12.26.16 All respect to George Michael, who helped me find my tribe

Take me back in time maybe I can forget
Turn a different corner and we never would have met

I owe George Michael so much.

And the first time I saw him, I wasn’t even sure he was a boy.

*

I was in 10th grade in the fall of 1984, in my brand-new high school and really didn’t know shit about anything. I was desperately concerned with being seen as cool. My middle-school record collection was heavily populated with stuff like Air Supply and Simon and Garfunkel and Neil Diamond and the soundtrack to “Grease.”

I was definitely going to have to step it up to make it with the cool kids at school, and by cool kids I did not mean the cheerleaders and the football players. My cool kids were the ones who knew about great music. Who shopped at the local Yesterday & Today record store. Who knew about Duran Duran and 12″ singles and import albums and colored vinyl and listening to the B-sides to determine if you really liked a band before you said you did.

I knew approximately one cool kid who agreed with me on music issues, and even she had a learning curve, carrying her ABBA albums to school in brown paper sleeves like pornography, so no one would know she liked them.

It wasn’t going to be easy. It was going to take some gumption. I wasn’t known for gumption.

But hormones helped. I was standing in the front of the school waiting for my ride home (yes, on the bus, I was lame, so lame) when I saw a girl I kind of knew from a chorus class I’d been in named Lisa, talking to this hopelessly cool-looking, very adorable guy. He had dyed the front of his dark hair blond and I was sold. Then I saw he was carrying something in one hand: an album, wrapped in a plastic sleeve. The album? Make it Big by Wham! UK. It was new, totally new, except I had seen the video for this song “Wake Me Up Before You Go-Go.”

That had been over the summer, visiting my aunt and uncle at their home near the beach. They had cable (we did not) and we spent probably as many hours gawping at the music videos on shows like USA Network’s “Night Flight” and MTV as we did at the beach. “Wake Me Up” came on more than once and I saw George all dressed in white jumping around the stage and I remember thinking – give me some slack, I was 14 – that he was either a really butch girl or a truly femme guy. I just wasn’t sure, though I leaned in the guy direction. But he – and Wham! – and the song were brand-new to my ears.

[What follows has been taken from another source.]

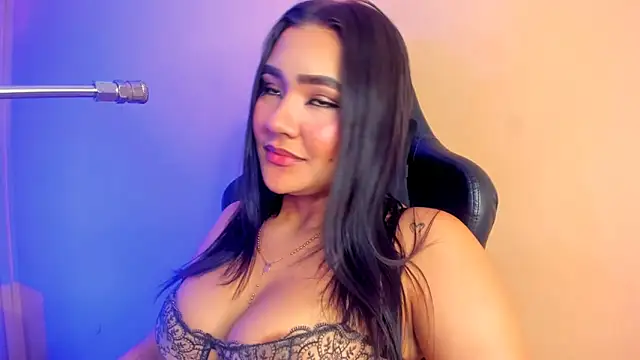 noa moon online show from June 24, 3:05 am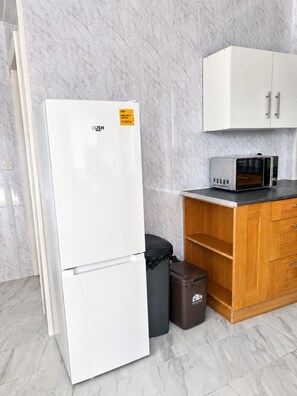 Interior - Modern bungalow, sleeps up to 8, parking, near university (Southampton)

So, vague music idea+cute boy+hormones equaled me walking up to my acquaintance and finagling an introduction with the boy who had the album. Jez (even his name was amazing) was super-nice to me and we talked about the album and about protecting it in a plastic sleeve (how elevated!) and then my bus came and off I went, pleased that I had shown Gumption.

Next day: The album followed me. I was in Geometry class and another boy had it leaned up against his chair-desk combo. I knew it had to be the same album; what were the chances two guys had the same obscure album, also in a plastic sleeve? So I summoned the Gumption Fairy again and shot a note to him across the aisle:

Do you know a guy named Jez?

And that’s how I met Jerry, who turned out to be one of the most awesome people I have ever met in my life; he made me laugh all the way through high school. Jez was more aloof and mysterious and always super-kind whenever I could pin him down, which wasn’t often. Thanks to him I went to my first dance club/bar at age 16 with the young woman who would eventually marry Jerry, Alexis, who is also incredible and hilarious and still one of the lights of my life even today.

They became my crowd, along with the ABBA-loving friend who turned out to also be really into great, cool music: Valerie. We hung out, did the dumb things people do in high school, skipped classes, hung out in bunk beds and made out in each others’ houses, listened to a lot of Sade and watched movies like Liquid Sky and Suburbia and thanks to them I had probably three of the most rollercoaster awesome-tragic-amazing years of my life.

And it all started with Make it Big.

And George Michael.

Thank you, George. You taught me to listen without prejudice. You helped me find my tribe. And I hope wherever you are, there’s all the freedom you could ever need. I love you, man. Gone way, way too soon.